Las opciones de ayer eran sopa de verduras, coliflor a la gallega y ensalada serrana, de primero, con guiso de carne, xarda a la plancha y pechuga de pollo -también a la plancha cubierta con una loncha de queso-, de segundo. Con postre o café: 8,50 euros (9,20 con un refresco en lugar de agua).

A las 14.20 horas se daban cita 11 comensales, entre los que solo se veían las batas blancas de dos jóvenes doctoras, que se decantaron por el bocadillo.

A la coliflor no se le advertía siquiera un ajo del refrito, con lo que solo el color anaranjado del pimentón permitía relacionarla con el título de la receta, mientras que la sopa, dispuesta un bol cerámico blanco, era toda una incógnita. De ahí la elección de la ensalada, que se podía también cambiar por ensaladilla, como ofrecía, muy atento, un camarero de mediana edad y aspecto cuidado.

La ración equivalía más o menos a la mitad de esas que venden ya preparadas para tomar en el supermercado y estaba razonablemente buena: fría, la lechuga fresca y la zanahoria sin esa insoportable textura avinagrada de la que viene ya rallada en botes. Con unas tiras de fiambre y el aliño envasado en porciones individuales, se dejaba comer.

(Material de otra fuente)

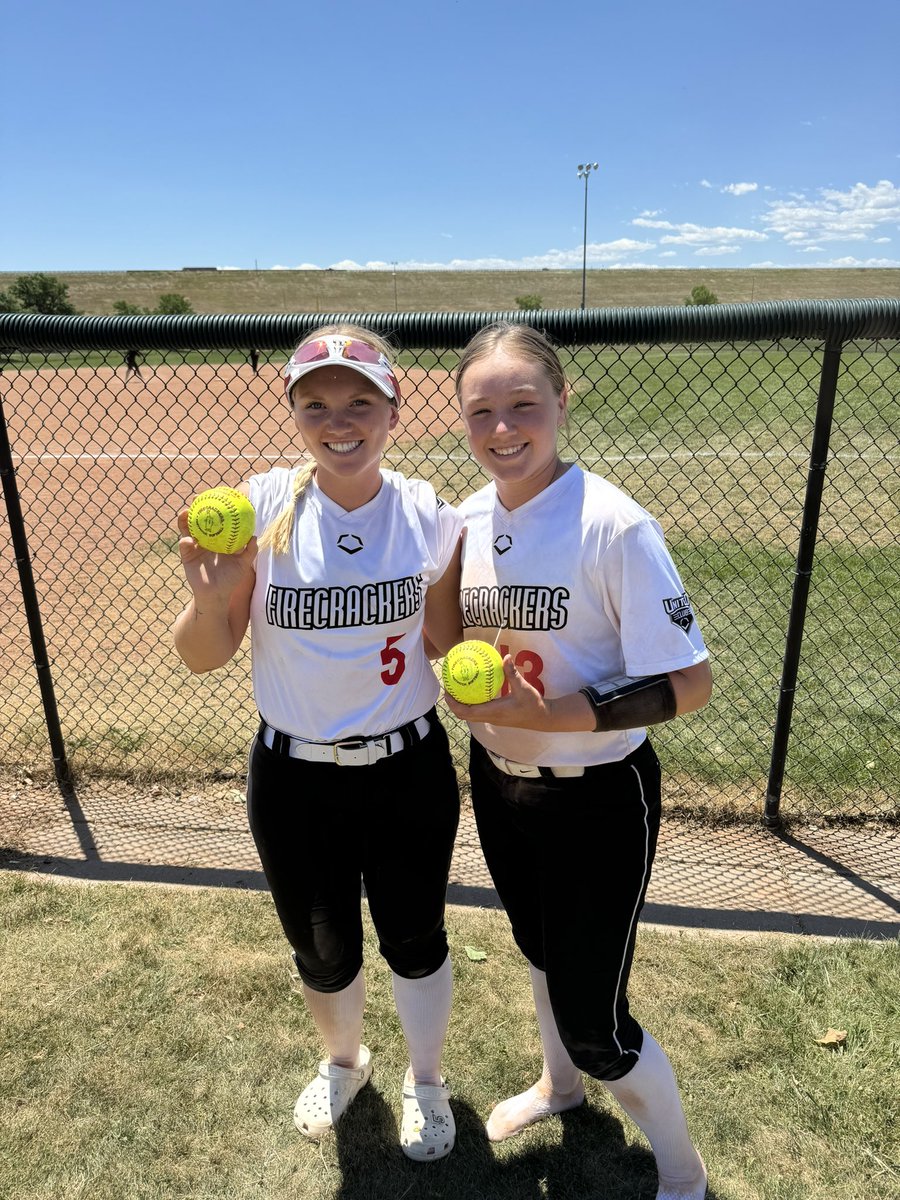 💣s away for these two 2025s in our 9-7 W vs Impact Gold National NTX! <a href="/madison_bruson5/">Madison Bruson</a> with a 3 run shot to put us on the board in the 1st and <a href="/AddieCallaway17/">Addison Callaway</a> with a walk-off grand slam to win the game! 🧨 <a href="/Firecrackersinc/">Firecracker Softball</a>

La pechuga, con ser comestible, ya acusaba otras carencias propia de los platos que llevan tiempo hechos sobre una mesa caliente. Tanto el pollo, sin rastro ya de jugosidad -tampoco es que esta pieza se distinga por ello-, como las patatas fritas precocinadas tendían a agarrarse ligeramente al plato, consecuencia clara del calor que tuvo debajo mientras esperaba a los comensales.

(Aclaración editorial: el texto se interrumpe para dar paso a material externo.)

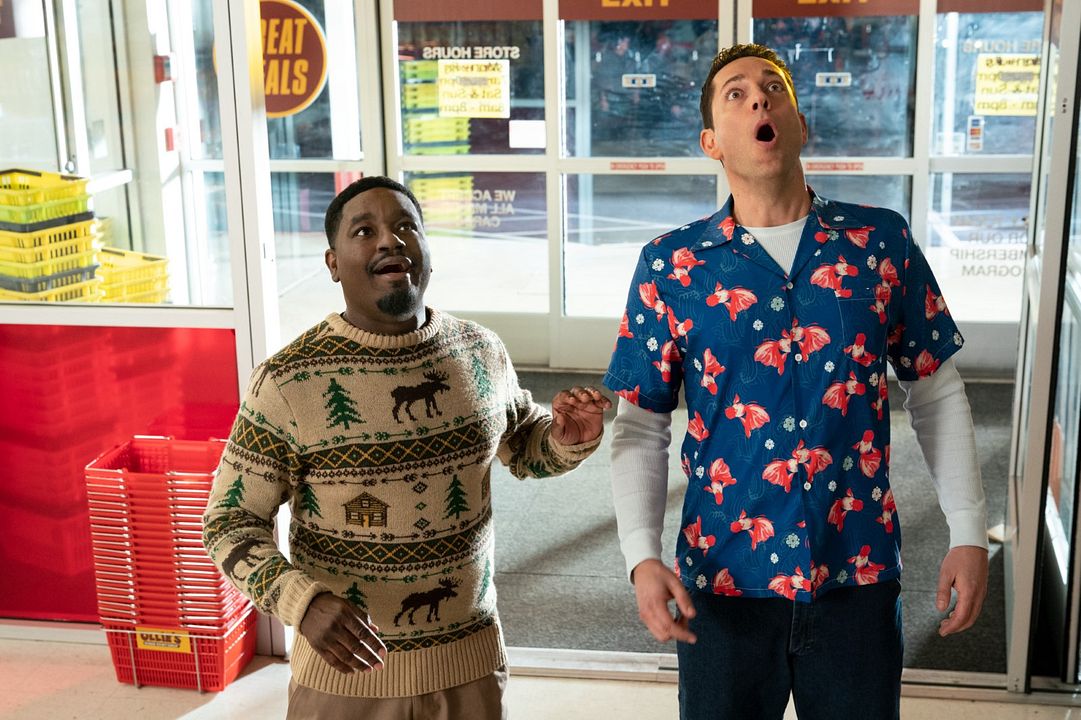 Harold e o Lápis Mágico : Fotos Lil Rel Howery, Zachary Levi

Una pieza de pan, precocido también, y una natilla de supermercado -también había yogures, fruta (no mucha) y algún trozo de tarta- completaron un menú, que pasaría por vez en cualquier ciudad, pero lo tiene más difícil en Cee, donde a menos de 200 metros del hospital por ese dinero se puede almorzar con servicio en la mesa, mantel de tela, vino de la casa y el café incluido en la cuenta. Quizás por eso, y por la solidaridad mostrada con las despedidas, los sanitarios que entraban al comedor al filo de las 15.00 horas, portasen sus propias fiambreras y tomasen el camino del microondas antes de sentarse.